THURSDAY, 22 FEBRUARY, 4 – 5 PM: MICHELANGELO PISTOLETTO IN CONVERSATION WITH NICHOLAS CULLINAN

Simon Lee Gallery is delighted to present works from celebrated Italian artist Michelangelo Pistoletto’s most recent series of mirror paintings, in which he directs his attention towards the subject of scaffali, or shelves. This will be the artist’s fourth solo exhibition with the gallery.

Pistoletto is widely recognised as one of the most influential contemporary artists of his generation and a central figure within the Arte Povera movement. From early in his five-decade career the mirrored surface has been an instrumental element of his practice. Initiated in 1962, Pistoletto’s signature mirror paintings use the reflective picture plane to draw both viewer and environment into the work, playing with traditional notions of the painted image as a fixed moment in time. With an emphasis on the performative, Pistoletto’s work is profoundly concerned with the active relationship between artwork and spectator, and the creation of a virtual space in which art and life seamlessly interact. ‘The mirror paintings’, he wrote in 1969, ‘could not live without an audience. They were created and re-created according to the movement and to the interventions they reproduced’.

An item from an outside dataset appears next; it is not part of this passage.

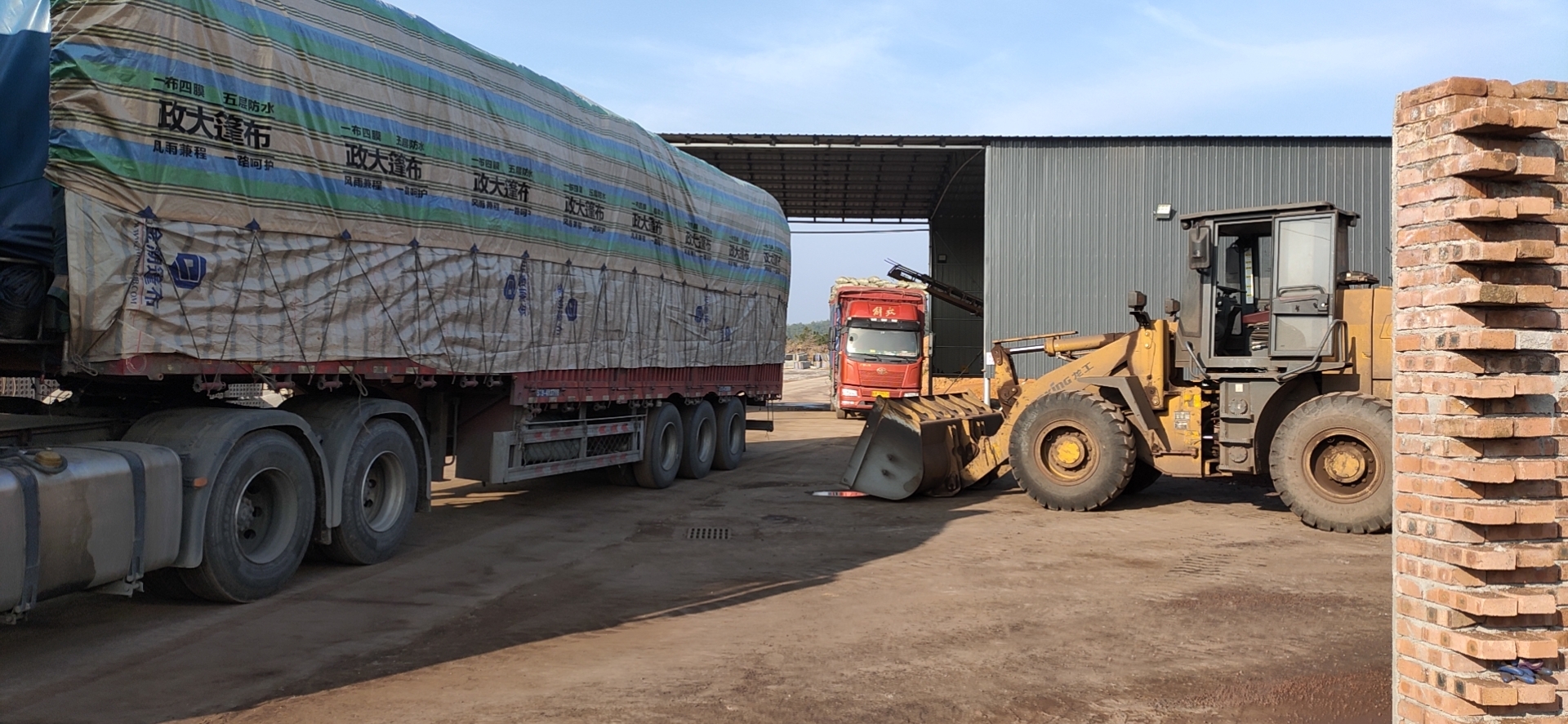 江西達(dá)人建材有限公司陶粒發(fā)貨現(xiàn)場(chǎng)圖片 江西達(dá)人建材有限公司陶粒發(fā)貨現(xiàn)場(chǎng)圖片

In the Scaffali Pistoletto takes his investigation into the relationship between stasis and activity in the mirror paintings a step further. Depicting display cabinets and industrial storage units laden with the tools of a broad range of trades, from crates of fresh produce and canisters of paint, to cleaning supplies, camera apparatus and spare automobile parts, the Scaffali evoke a sense of dormancy at odds with the ever fluctuating presence of the viewer. Yet just as the spectator introduces a sense of animation into the stillness of the image, each painting evokes an element of anticipation, as though the viewer may at any moment reach for an object on a shelf. In contrast to earlier mirror paintings – many of which either focus on the human figure or consist of a single, graphic object – the Scaffali obstruct the viewer’s presence with their dominant compositions. Made by applying photo-silkscreened images to highly-polished stainless steel, each of these meticulous and unique pictures hinder the interactivity favoured in previous works, instead placing a formal emphasis on the static object.